Many veterans and service members have survived traumatic situations, and experiencing trauma may have significant implications for mental health. An estimated 1 in 3 warriors struggles with invisible wounds, such as posttraumatic stress disorder (PTSD), traumatic brain injury (TBI), anxiety, and depression, brought on by what they experienced during service. However, evidence-based treatment has proven to be successful in healing these invisible wounds.

Many warriors face challenges in accessing mental health care. Issues such as stigma, unreliable transportation, inconsistent appointments, and insufficient care in rural communities are barriers to warriors receiving the mental health care services they deserve. Because of these issues, it is critical for organizations caring for veterans to identify non-traditional methods for delivering effective, high-quality care.
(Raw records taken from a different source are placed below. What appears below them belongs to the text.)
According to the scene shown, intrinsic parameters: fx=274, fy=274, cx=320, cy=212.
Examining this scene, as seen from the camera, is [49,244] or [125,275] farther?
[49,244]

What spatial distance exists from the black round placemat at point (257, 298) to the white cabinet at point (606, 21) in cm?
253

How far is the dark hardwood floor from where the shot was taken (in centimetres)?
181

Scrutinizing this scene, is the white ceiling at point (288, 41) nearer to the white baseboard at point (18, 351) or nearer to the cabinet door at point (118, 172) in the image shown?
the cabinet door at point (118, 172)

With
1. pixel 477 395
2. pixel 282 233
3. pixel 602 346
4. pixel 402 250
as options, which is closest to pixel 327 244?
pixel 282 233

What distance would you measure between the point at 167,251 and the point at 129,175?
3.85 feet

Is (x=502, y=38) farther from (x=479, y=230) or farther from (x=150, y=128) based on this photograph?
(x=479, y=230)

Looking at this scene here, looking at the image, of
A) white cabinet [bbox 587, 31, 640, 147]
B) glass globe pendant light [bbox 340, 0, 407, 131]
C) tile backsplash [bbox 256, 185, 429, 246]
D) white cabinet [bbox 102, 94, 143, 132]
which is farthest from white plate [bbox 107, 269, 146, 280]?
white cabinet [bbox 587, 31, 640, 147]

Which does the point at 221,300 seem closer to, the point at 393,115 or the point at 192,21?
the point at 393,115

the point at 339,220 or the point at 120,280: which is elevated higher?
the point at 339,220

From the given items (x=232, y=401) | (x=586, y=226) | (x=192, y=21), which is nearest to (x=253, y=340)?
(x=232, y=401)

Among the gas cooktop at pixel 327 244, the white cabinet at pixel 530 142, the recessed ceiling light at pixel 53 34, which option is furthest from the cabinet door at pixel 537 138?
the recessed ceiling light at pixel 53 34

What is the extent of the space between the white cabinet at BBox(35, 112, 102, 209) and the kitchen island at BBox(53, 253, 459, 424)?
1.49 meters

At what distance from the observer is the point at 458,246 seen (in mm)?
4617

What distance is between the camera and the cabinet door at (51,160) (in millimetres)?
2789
To increase access to quality care, Veteran Affairs and the Department of Defense have been working to develop a home-based treatment program for warriors. Emory Healthcare Veterans Program Deputy Director Dr. Sheila Rauch was part of a team of investigators examining evidence-based PTSD treatment provided in three different ways:  in-person at home,  home-based telehealth, and office-based.
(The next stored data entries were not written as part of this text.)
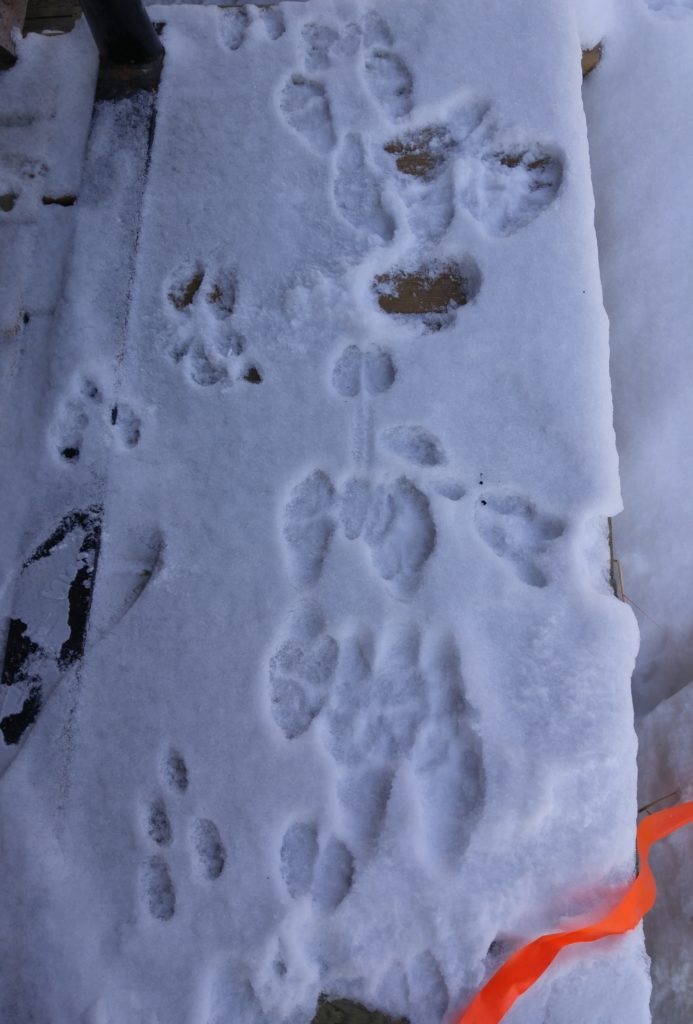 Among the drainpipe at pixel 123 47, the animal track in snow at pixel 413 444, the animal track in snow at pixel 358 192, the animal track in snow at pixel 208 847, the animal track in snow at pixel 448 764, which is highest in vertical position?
the drainpipe at pixel 123 47

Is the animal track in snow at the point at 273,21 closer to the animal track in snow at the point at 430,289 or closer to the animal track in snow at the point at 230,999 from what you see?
the animal track in snow at the point at 430,289

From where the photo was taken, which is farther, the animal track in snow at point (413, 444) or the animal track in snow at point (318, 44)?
the animal track in snow at point (318, 44)

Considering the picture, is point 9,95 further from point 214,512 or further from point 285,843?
point 285,843

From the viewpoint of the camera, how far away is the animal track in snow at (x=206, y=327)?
888 mm

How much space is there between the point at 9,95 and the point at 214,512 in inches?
25.7

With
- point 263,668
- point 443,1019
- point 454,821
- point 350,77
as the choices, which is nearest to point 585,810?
point 454,821

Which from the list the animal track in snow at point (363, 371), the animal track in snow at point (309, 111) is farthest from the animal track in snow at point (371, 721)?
the animal track in snow at point (309, 111)

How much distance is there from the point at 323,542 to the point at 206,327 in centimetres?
31

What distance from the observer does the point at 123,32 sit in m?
0.92

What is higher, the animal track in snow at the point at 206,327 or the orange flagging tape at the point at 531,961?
the animal track in snow at the point at 206,327

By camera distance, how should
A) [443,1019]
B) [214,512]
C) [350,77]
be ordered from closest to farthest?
1. [443,1019]
2. [214,512]
3. [350,77]

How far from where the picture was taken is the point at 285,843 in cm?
76

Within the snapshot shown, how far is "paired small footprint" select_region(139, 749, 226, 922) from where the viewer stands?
0.76m

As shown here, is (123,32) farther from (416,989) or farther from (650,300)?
(416,989) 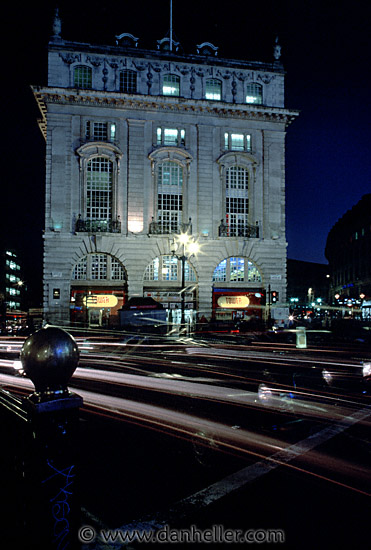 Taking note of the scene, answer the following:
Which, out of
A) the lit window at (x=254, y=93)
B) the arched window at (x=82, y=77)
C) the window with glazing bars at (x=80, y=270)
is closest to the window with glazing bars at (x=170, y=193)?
the window with glazing bars at (x=80, y=270)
The study found that providers can effectively deliver Prolonged Exposure, an evidence-based PTSD treatment, through all three modalities. Participants in the study experienced clinically significant improvement that was maintained six months after treatment was completed. Notably, there were no differences in effectiveness between the treatment formats.

“PTSD is a disorder of avoidance. Any hurdle to receiving care could be a reason someone seeking help will go back to avoiding, so we are working to reduce barriers to care. There is no wrong door, we want to assist everyone who comes in looking to treat their PTSD, and we want to do it as soon and as quickly as possible,” said Dr. Rauch.

Developing a telehealth treatment program that will allow specialized providers to deliver care to those in need is an important step in reaching warriors who are struggling with invisible wounds.